TEMPO.CO, Jakarta - Asosiasi Petani Tembakau Indonesia menilai pemerintah terlalu terburu-buru meneken Rancangan Peraturan Pemerintah (RPP) tentang Pengaman Bahan yang Mengandung Zat Adiktif Berupa Produk Tembakau Bagi Kesehatan. Ketua Asosiasi Petani, Nurtanio Wisnu Brata beralasan, sampai saat ini peraturan tersebut masih diperdebatkan.
"Dampak pengesahan tersebut akan berimbas kepada puluhan juta petani, buruh dan industri hasil tembakau," kata Wisnu ketika dihubungi Tempo, Rabu, 2 Januari 2013.
Wisnu berharap pemerintah bersikap bijaksana untuk mengkaji ulang aturan tersebut. Regulasi tembakau tidak cukup dengan peraturan pemerintah, tetapi memerlukan aturan yang lebih tinggi, yakni undang-undang.
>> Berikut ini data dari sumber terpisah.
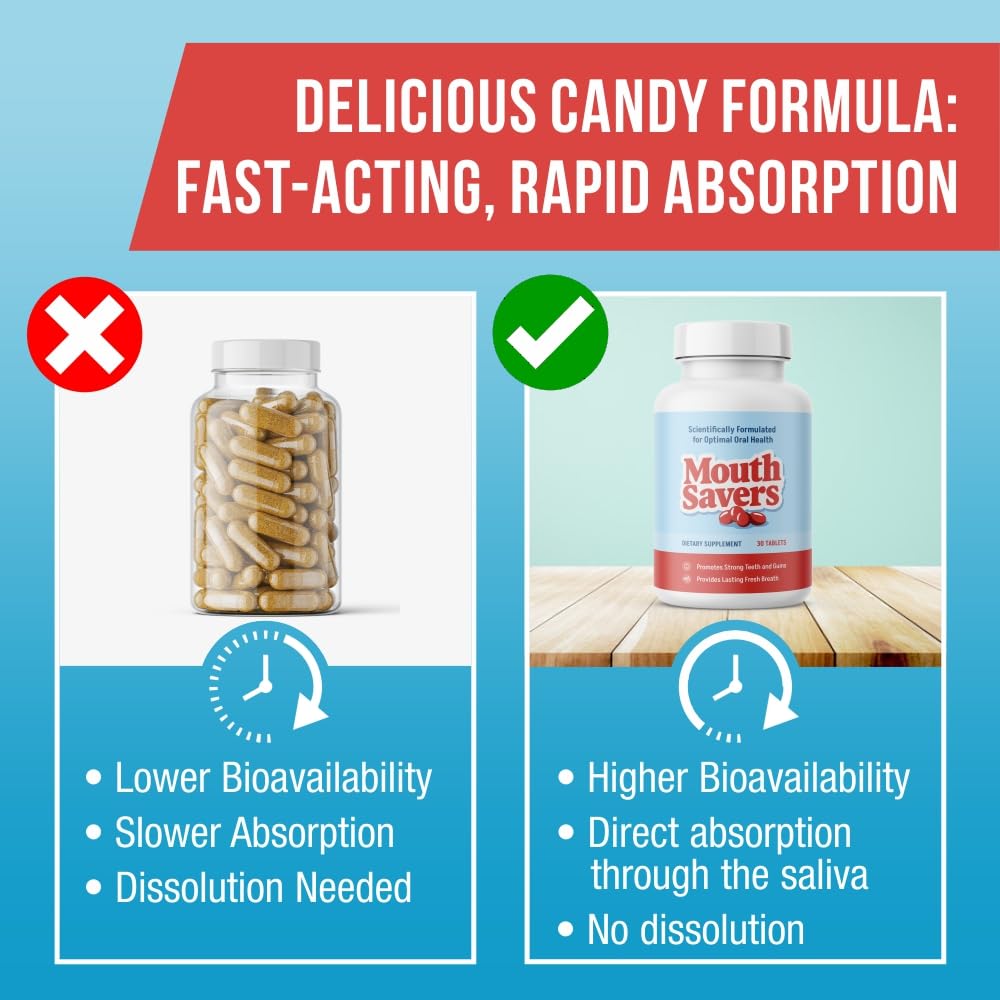 Mint-style Mouth Savers candy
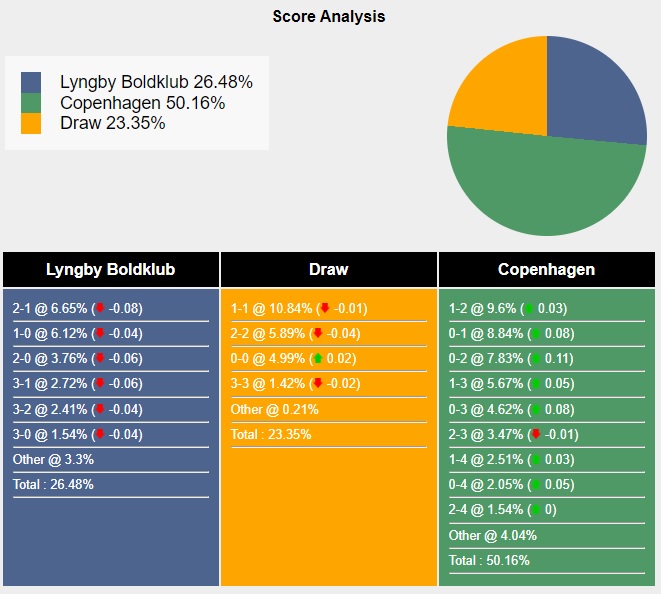 Siêu máy tính dự đoán Lyngby vs Copenhagen, 00h00 ngày 23/7 - Ảnh 5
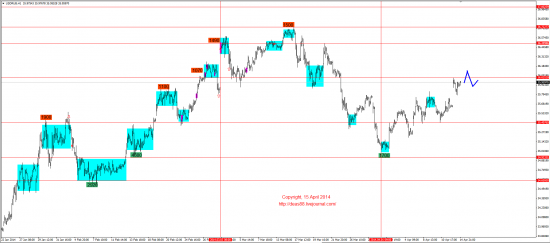 Обзор рынков 15.04.2014 (EUR,GBP,AUD,CAD,CHF,JPY,RUB,WTI,XAU,XAG,S&P500,NASDAQ)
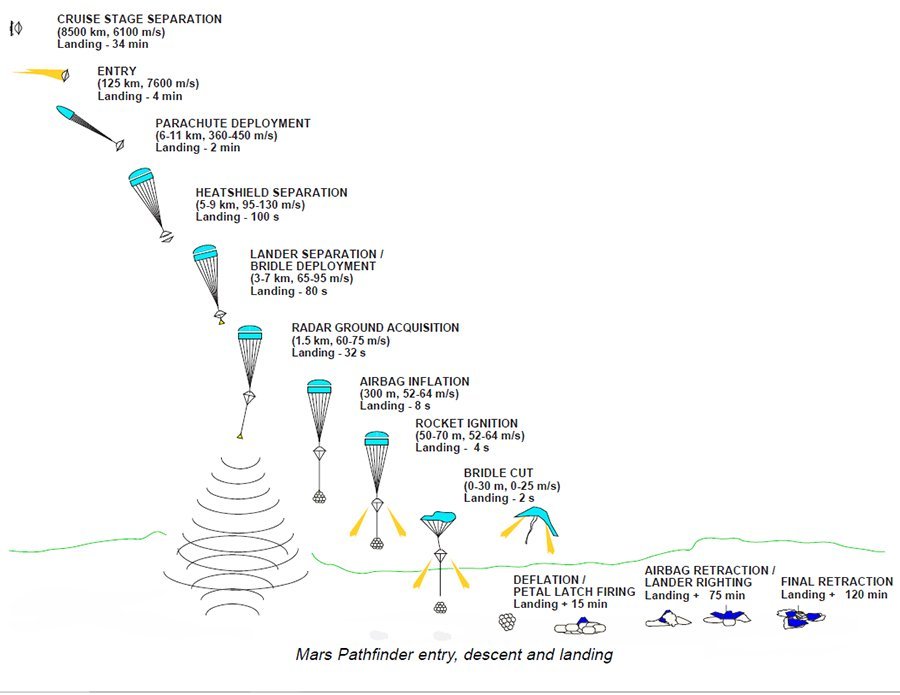 Diagram of Mars Pathfinder's entry, descent, and landing on Mars. Photo Credit: NASA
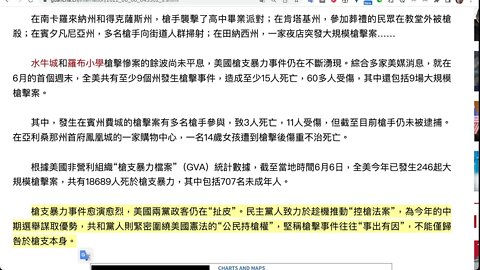 2022年美國第一個6月週末的大規模射擊事件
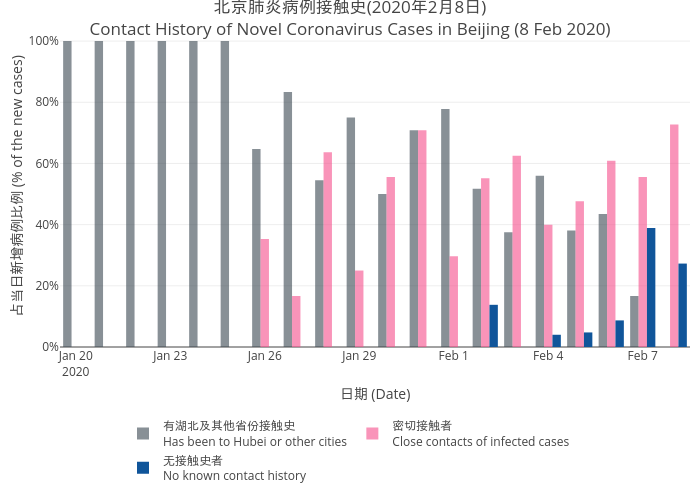 2019nCov_beijing_infection_source_trend_8feb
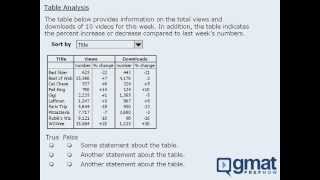 1 GMAT Integrated Reasoning Lesson Intro to Integrated Reasoning [upl. by Vorfeld]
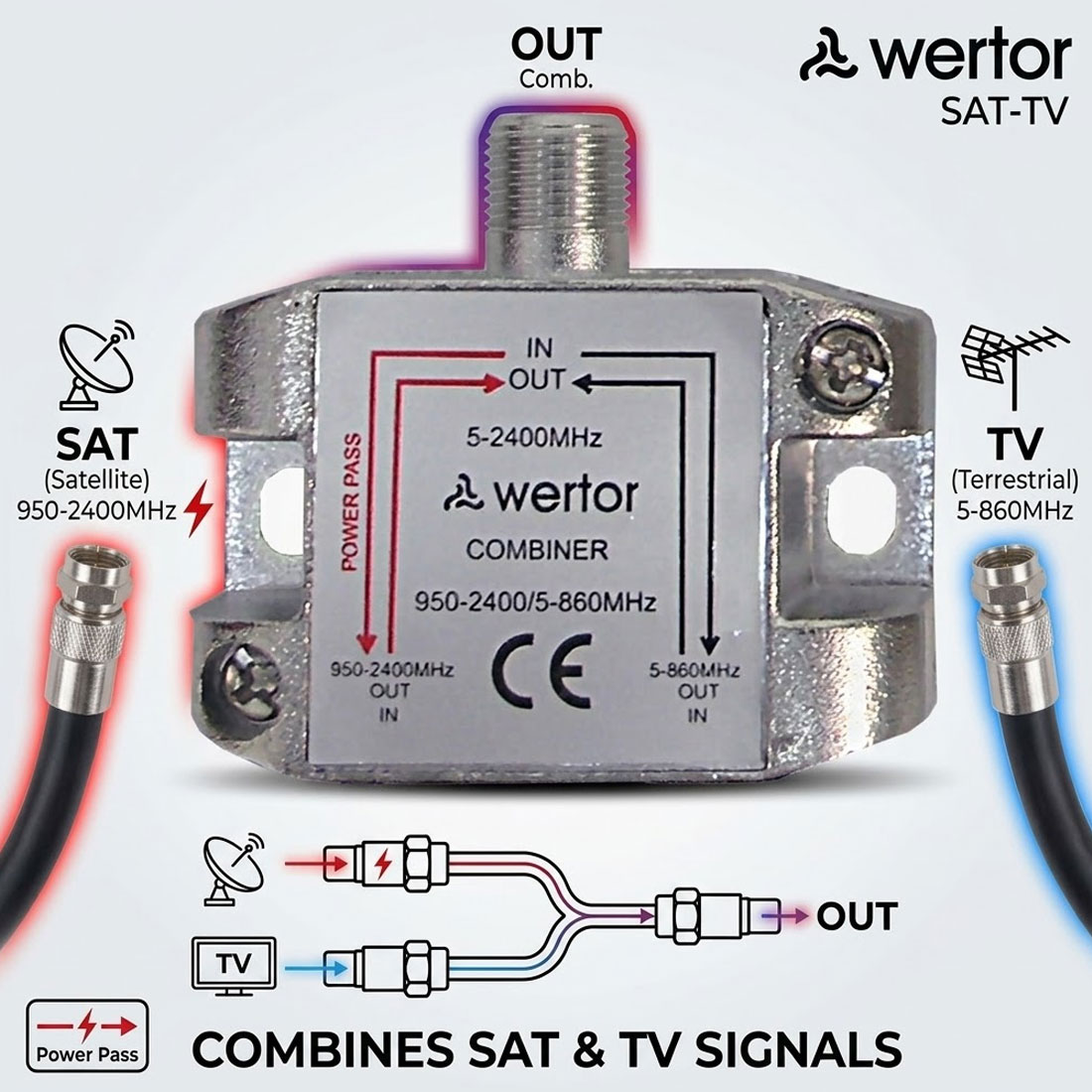 UN16583 Antenska sabirnica-combiner 2/1 SAT-TV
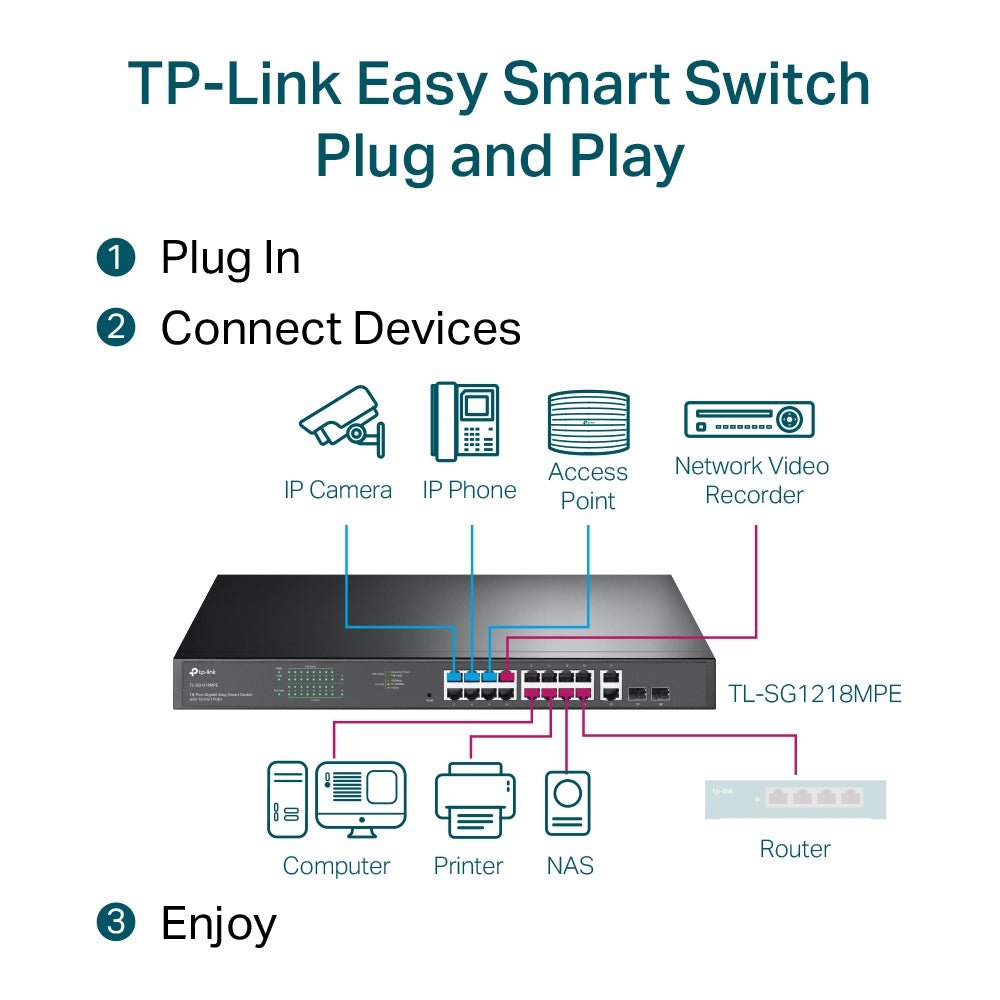 TP-Link TL-SG1218MPE 18-Port Gigabit Easy Smart Switch with 16-Port PoE+ - ACE Peripherals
Dalam penyusunan undang undang itulah, kata Wisnu, perlu melibatkan semua pihak baik yang pro maupun anti tembakau agar aturan yang dihasilkan dapat diterima semua pihak. Mneurut dia, mekanisme ini akan lebih komprehensif dan selaras dengan kondisi ekonomi, sosial, dan budaya masyarakat Indonesia.
Wisnu mencontohkan proses pembuatan regulasi tembakau di India. Semua pihak, baik yang pro maupun antipati, dilibatkan dalam pembahasan poin-poin yang perlu diatur sehingga regulasi yang dihasilkan tidak menimbulkan konflik. "Pemerintah seharusnya bisa mengambil pengalaman India agar tidak lagi terjadi polemik yang tidak berkesudahan," ujarnya.
Wisnu juga mengkritik sikap tidak percaya diri pemerintah ketika membuat sebuah regulasi. Menurut dia, intervensi asing yang turut mendorong regulasi tembakau jangan sampai menjadi dasar bagi pemerintah untuk mencederai rakyatnya sendiri. "Pemerintah harus mempunyai rasa percaya diri untuk membuat regulasi yang melindungi rakyatnya," katanya. "Petani dan buruh menjadi bagian rakyat Indonesia."
Menkes Nafsiah Mboi memastikan Presiden SBY akan menandatangani RPP Pengendalian Dampak Tembakau dalam waktu dekat.